In 1933 Mary Percy Jackson published her letters to England, 1929-31, in a book entitled On the Last Frontier: Pioneering in the Peace River Block.

Jackson, Mary Evangeline

 Mary Evangeline Jackson, known as Mary Percy Jackson, physician, pioneer writer (b at Dudley, England 27 December 1904; d at Manning, Alta 6 May 2000). Deciding early to become a doctor, Mary E. Percy graduated from Birmingham University in 1927. In 1929, in response to an ad in the British Medical Journal, she travelled to Alberta to serve 2 years with the provincial department of health. Dr Mary Percy was stationed on the Battle River Prairie near present day MANNING, a district newly opened up for farming. She developed an attachment to the northern wilderness, travelling long distances on horseback to attend to patients, both Euro-Canadian and Aboriginal. Rather than return to England in 1931, she married a trapper and trader named Frank Jackson and moved to Keg River, 100 km to the north. As the department of health would not sponsor a physician for Keg River, Percy Jackson set up her own volunteer practice in her house with a lab in the basement.

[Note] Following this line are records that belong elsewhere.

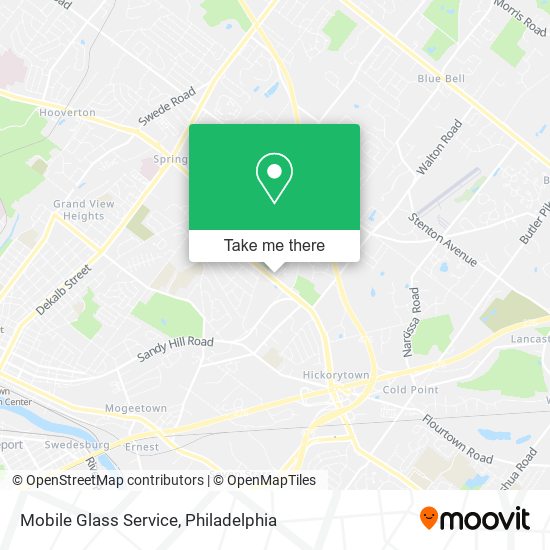Mobile Glass Service map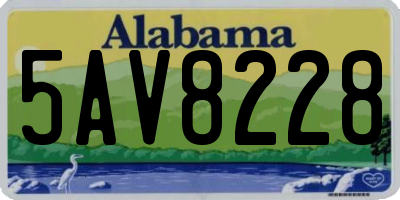 AL license plate 5AV8228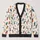 Multicolor Holiday Light Strings and Snowflake Motifs for Cozy Winter Parties and Nights All-over Print Knitted Cardigan - 1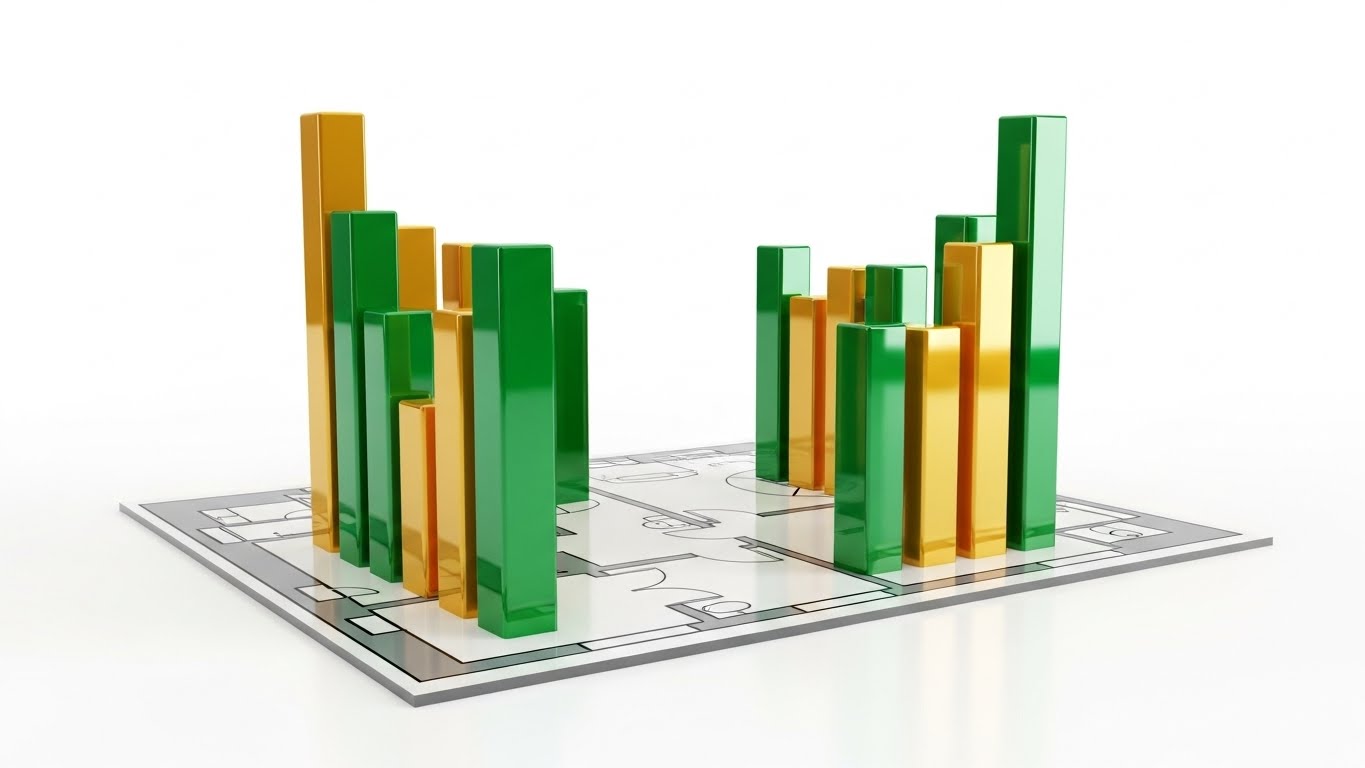(Dynamic Data Visualization): Extruded Charts + Mapping Money Meters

She again travelled great distances to attend patients, the major disease of the time being TUBERCULOSIS. Payment, if received at all, was often in kind.

In 1933 Mary Percy Jackson published her letters to England, 1929-31, in a book entitled On the Last Frontier: Pioneering in the Peace River Block. In 1988 her pioneering experiences were recounted to Cornelia Lehn in The Homemade Brass Plate, and in 1996 she was the subject of the National Film Board documentary, Wanted: Doctor on Horseback. For her dedication and service, she received many awards over the years and in 1990 was invested as an officer in the Order of Canada.